As the national crackdown on drunk driving continues, prosecutors, legislators, and the courts are increasingly looking toward expansion of the limits on a driver's criminal and civil liability. One method that has seen much recent favor is to drastically increase the punishment by simply interpreting the conduct as fitting a more serious type of crime: felony drunk driving, or felony DUI. Thus under certain circumstances the misdemeanor offense of driving under the influence of alcohol will be treated as a felony punishable by incarceration in state prison. The most ominous manifestation of this trend is the growing use of murder statutes where drunk driving results in a death.
Drunk driving can have felony status when the driving results in an injury to another party. Where there is "bodily injury" or "substantial bodily harm," depending on the jurisdiction's statutory language, the charge in most states will be what is commonly referred to as "felony drunk driving." California's felony drunk driving statute is fairly typical:
Any person who, while under the influence of intoxicating liquor, or under the combined influence of intoxicating liquor and any drug, drives a vehicle and when so driving does any act forbidden by law or neglects any duty imposed by law in the driving of such vehicle, which act or neglect proximately causes bodily injury to any person other than himself, is guilty of a felony. [California Vehicle Code Section 23153.]
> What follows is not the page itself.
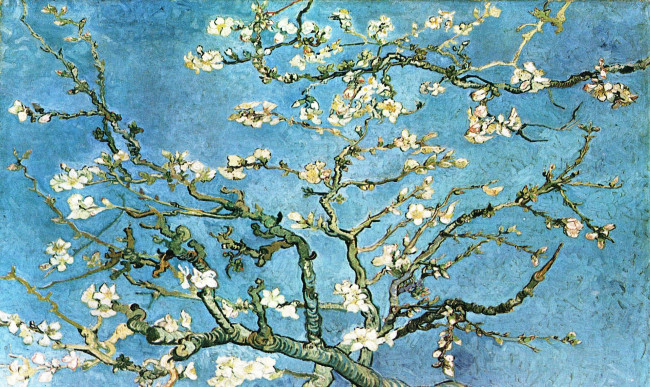 Обои картинки фото рисованное, природа, дерево, цветение, весна, ветки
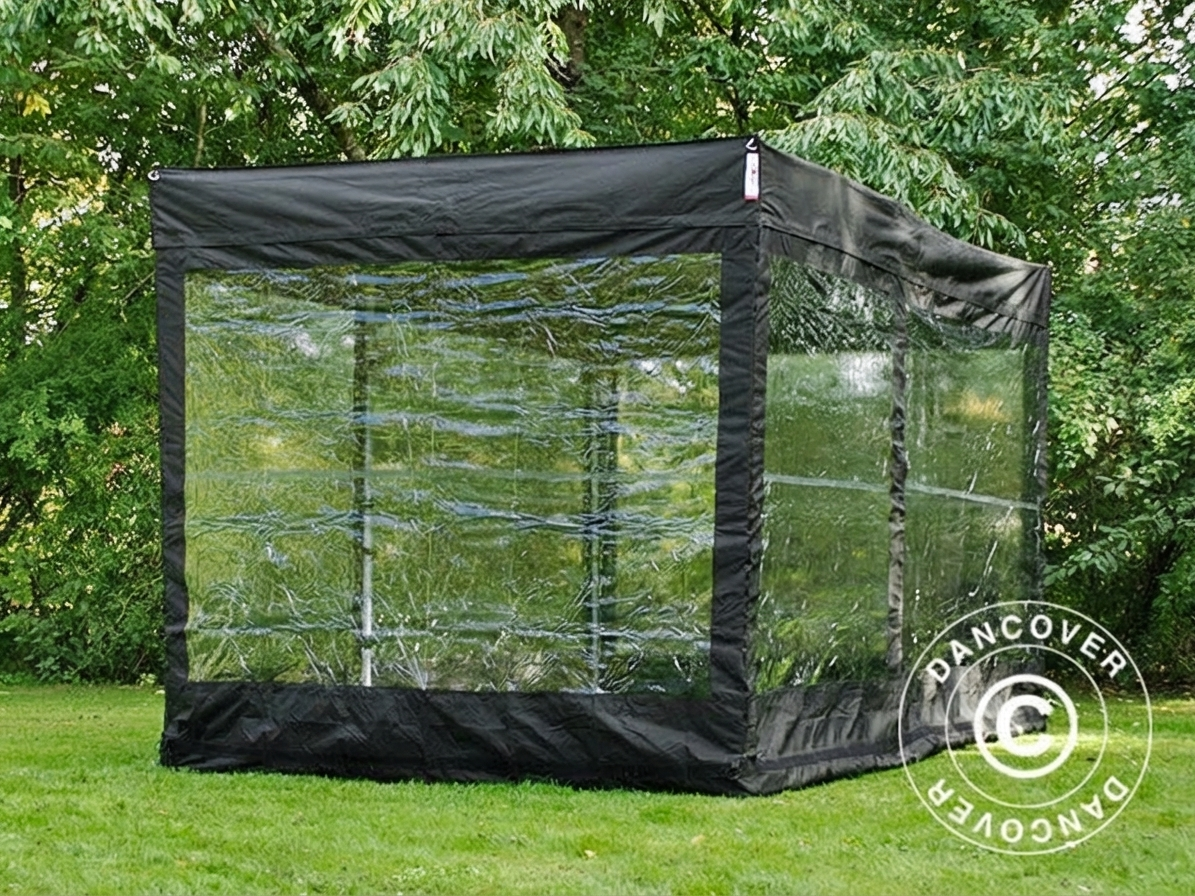 Folding garage FleX car cover black with steel frame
Thus three further elements have been added to the corpus delicti:
As to these three additional elements, counsel should be aware of two possible sources of error in the prosecution's pleading or in his proof. First, the prosecution cannot ''bootstrap'' the first of the new requirements: The violation of law must be of a statute other than the drunk driving statute. Commonly, the violation will consist of some traffic offense such as speeding or running a traffic light. Second, the bodily injury must be proximately caused by the client's violation of the statute. If there is an independent source of causation, the elements of the corpus are not satisfied. For an extreme application of this requirement, see People v. Weems, 54 Cal. App. 4th 854 (1997), where the defendant's passengers were not wearing seat belts — sufficient, according to the court, to satisfy the neglect of duty requirement of the felony DUI statute: The injuries were proximately caused by the failure of the defendant to ensure that they were belted in.
As an example of a prosecutorial "over-filing" of a drunk driving case, there is the situation in which the client was driving his vehicle while under the influence and rammed into another vehicle proceeding more slowly in front of him, causing the driver of that vehicle to be hospitalized. The inexperienced or overly zealous prosecutor may automatically think of the equation, "drunk driving plus injury equals felony drunk driving." However, absent additional facts, there are two essential elements missing in this situation: There is no evidence of an independent violation of a statute, nor, therefore, is there any evidence that the injuries were caused by a violation.
Can a driver be charged with assault with a deadly weapon where there was no intent and the "weapon" was his vehicle? Apparently so, at least according to one appellate decision in Texas. In Roberts v. State, 766 S.W.2d 578 (Tex. App. 1989), the defendant caused an accident while fleeing police, resulting in the death of one person and injury to two others. He was charged with and convicted of aggravated assault with a deadly weapon and aggravated assault resulting in serious bodily injury. On appeal, the court found that the car qualified as a "deadly weapon," and that the defendant's conduct amounted to an assault even though it was reckless rather than intentional.